KentuckyFC writes: Superconductors allow current to flow with zero resistance when cooled below some critical temperature. They are the crucial ingredients in everything from high-power magnets and MRI machines to highly sensitive magnetometers and magnetic levitation devices. But one big problem is that superconductors work only at very low temperatures — the highest is around 150 kelvin (-120 degrees centigrade). So scientists would dearly love to find ways of raising this critical temperature. Now a group of physicists say they've found a promising approach: to build metamaterial superconductors that steer electrons in the same way as other metamaterials steer light to create invisibility cloaks. The inspiration for the work comes from the observation that some high temperature superconductors consist of repeated layers of conducting and dielectric structures. So the team mixed tin — a superconductor at 3.7 kelvin — with the dielectric barium titanate and found that it raised the critical temperature by 0.15 kelvin. That's the first demonstration that superconductors can be thought of as metamaterials. With this proof of principle under their belts, the next step is to look for bigger gains at higher temperatures.

4 of 39 comments (clear)

  1. 0.15 degree from a 3.7 kelvin... that's "cool" by JcMorin · · Score: 5, Insightful

    I feel it's soo far away to be somehow useful I'm not that excited.
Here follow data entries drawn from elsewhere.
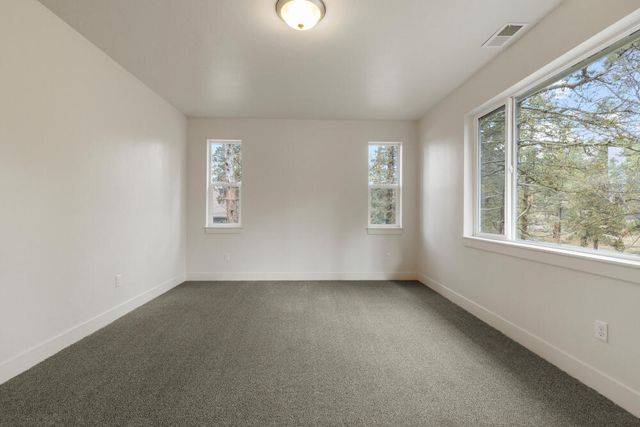 1211 Vine Maple Drive, Klamath Falls, OR 97601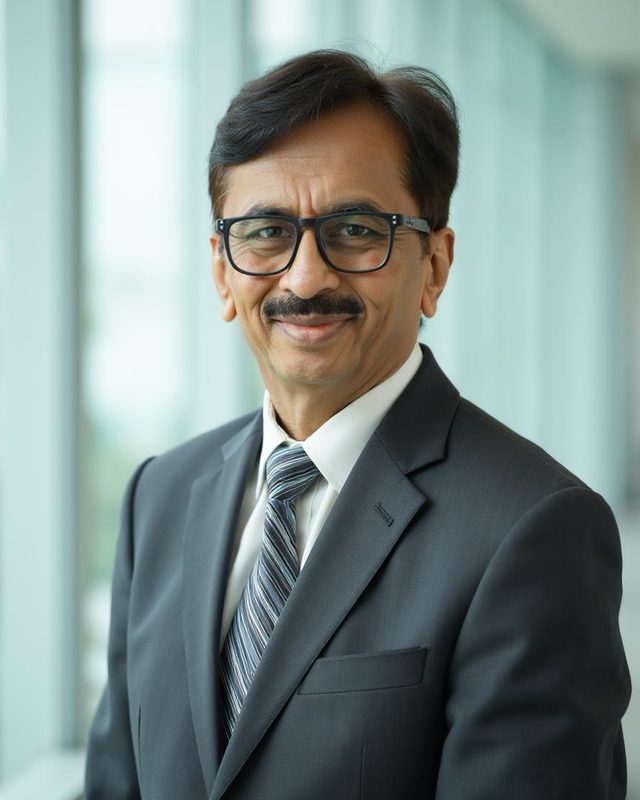 Dr. Anil Singhvi, MD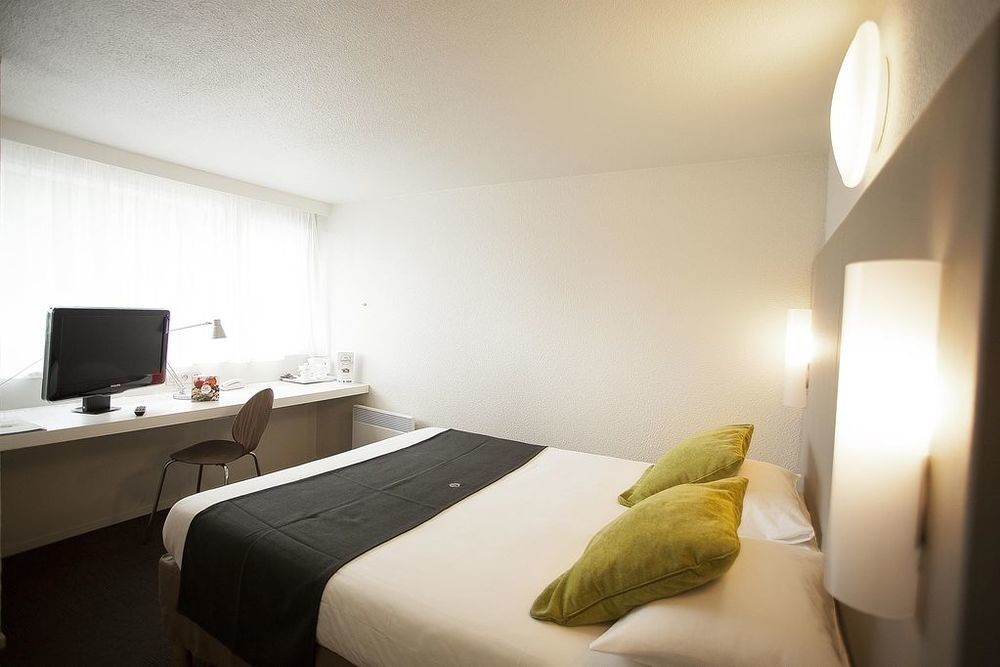 Hotel Campanile Pontarlier Camera foto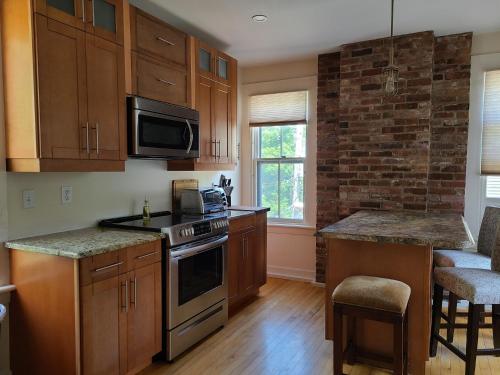 Iconic Luxurious Downtown Building History Galore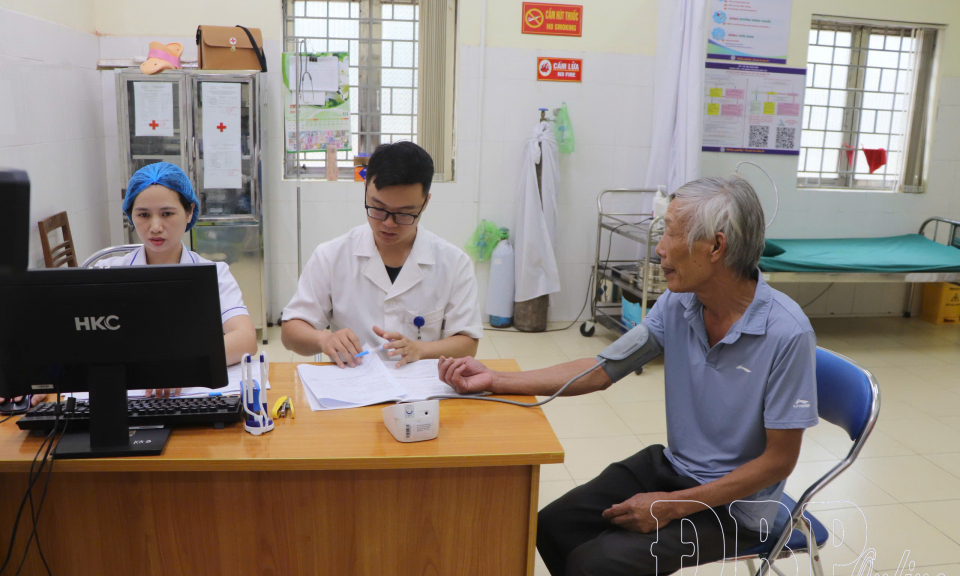 Kh&aacute;m, tư vấn sức khỏe miễn ph&iacute; cho người d&acirc;n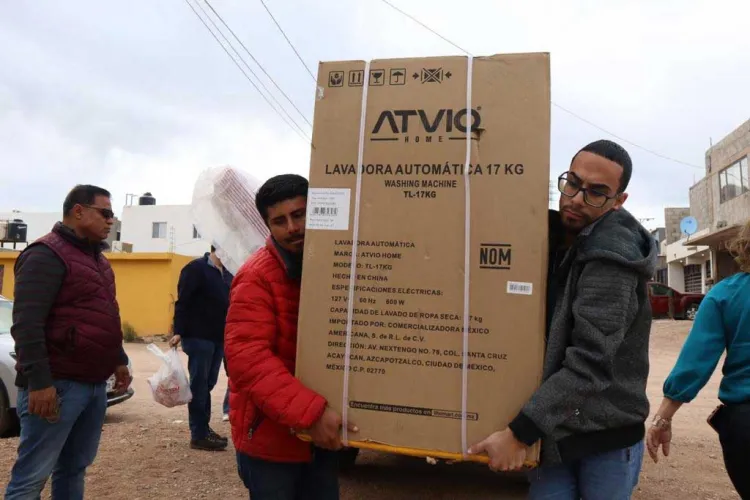 Entrega Presidente Municipal apoyos a familias vulnerables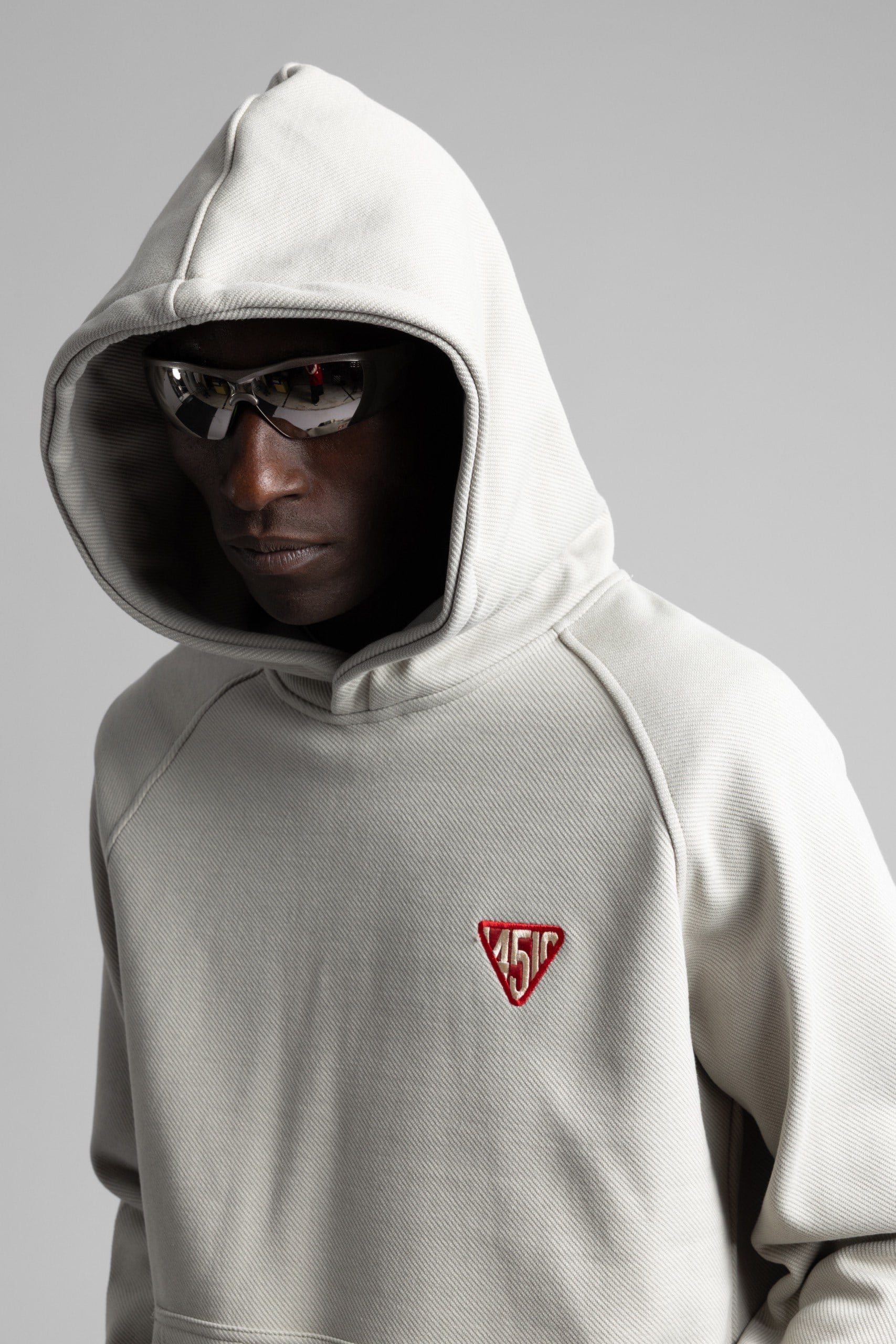Minimal Nakış Detaylı Kapüşonlu Sweatshirt Taş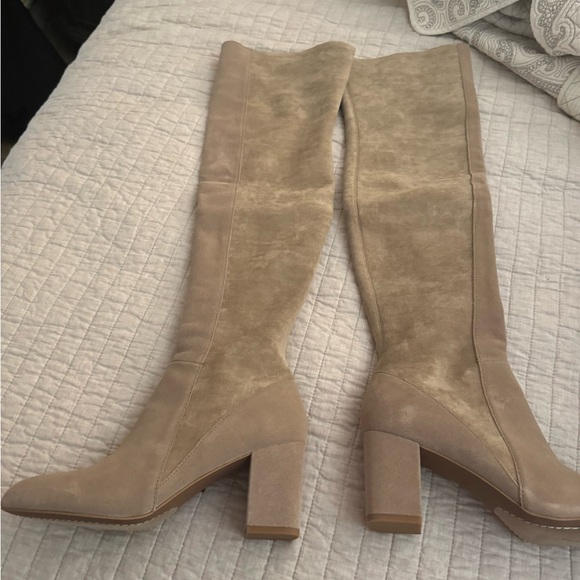 Kensley taupe suede stretch over the knee boot by Splendid. Never worn - Picture 3 of 5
  2. I'm not terribly impressed. by mark-t · · Score: 2, Insightful

    So they raised the critical temperature of a substance 3/20ths of a degree K above what it is otherwise, and the substance wasn't even among the category of what are considered high temperature supercondutors currently. Color me incredibly excited about this when they can raise the critical temperature of a superconductor to something like the freezing point of water... or even dry ice for that matter.

  3. Re:150 kelvin = -189.67 F by GNious · · Score: 4, Insightful

    C'mon, it is the year 2014 already - no-one uses Fahrenheit any longer.

  4. Re:150 kelvin = -189.67 F by Anonymous Coward · · Score: 1, Insightful

    Because they are pig headed. Kids are taught metric system in school, but encouraged to use British Imperial - which, coming from the US, is kind of ironic.